Sound bite slogans engage in semantic slight of hand, mixing words and their meaning into a soup of inscrutability. As the great sage Inigo Montoya would say, “You keep using that word. I do not think it means what you think it means.”  Perhaps the worst offender among these is “rape culture.” This term is particularly sinister as it establishes its own legitimacy in tautological fashion by claiming that proof of rape culture is found in the very denial of its existence.  Witches must exist because anyone denying their existence is only doing so to cover up their allegiance to said witches.

Users of this term apparently are unaware of what “culture” actually means. The dictionary definition is “the customs, arts, social institutions, and achievements of a particular nation, people, or other social group.” Hmmmm… so it seems if we had a “rape culture” that would mean we would find positive depictions of rape in our literature, movies and television. Our political leaders would extol the virtues of rape whenever possible. We would erect monuments to the greatest and most prolific rapists. Our schools would teach boys and girls the virtues of rape. Nope, I don’t see any of that, do you?

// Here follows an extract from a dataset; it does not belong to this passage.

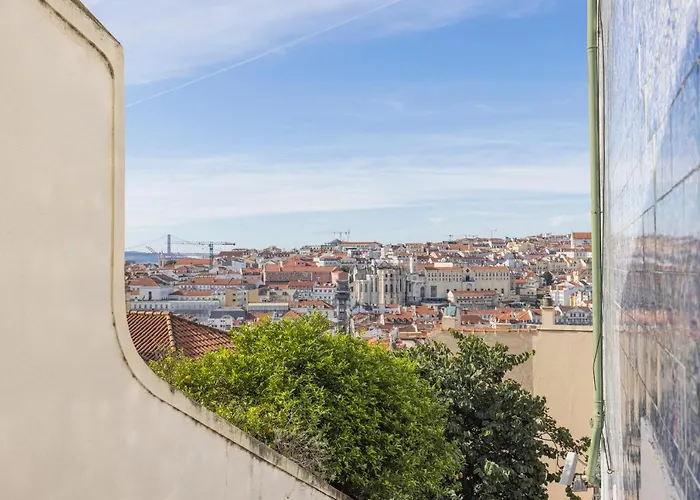 Castelo Design Aparment W/ Balcony & Super View By Lovelystay Lisboa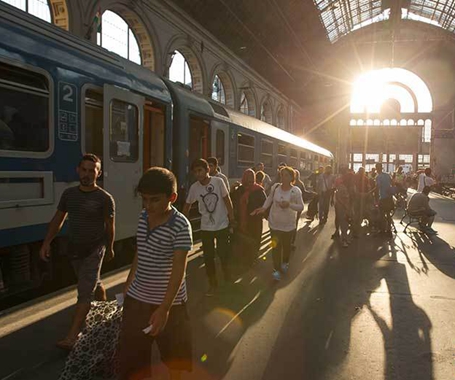 匈牙利：布达佩斯东火车站的难民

Yes, rape is a horrible crime and the perpetrators should be severely punished, but to suggest that 3% of the population who commits 90% of the rapes (on college campuses) suggests an endemic problem in the very fabric of a society is ludicrous. It ironically mimics the very thing proponents of this term decry – victim blaming – by shifting the blame from the perpetrator to society. “Society” should teach men not to rape and thus to the extent rape exists it is tacit proof of the failure of society to teach that. See, the perpetrators are the victims here as well; it’s not their fault, they never got the “don’t rape” memo from society. Honestly, is there anyone alive who thinks rape is “ok”? Even thieves and murders know their crimes are wrong – and yet they do it anyway. Does this then signify we have a “murder culture” or “theft culture”?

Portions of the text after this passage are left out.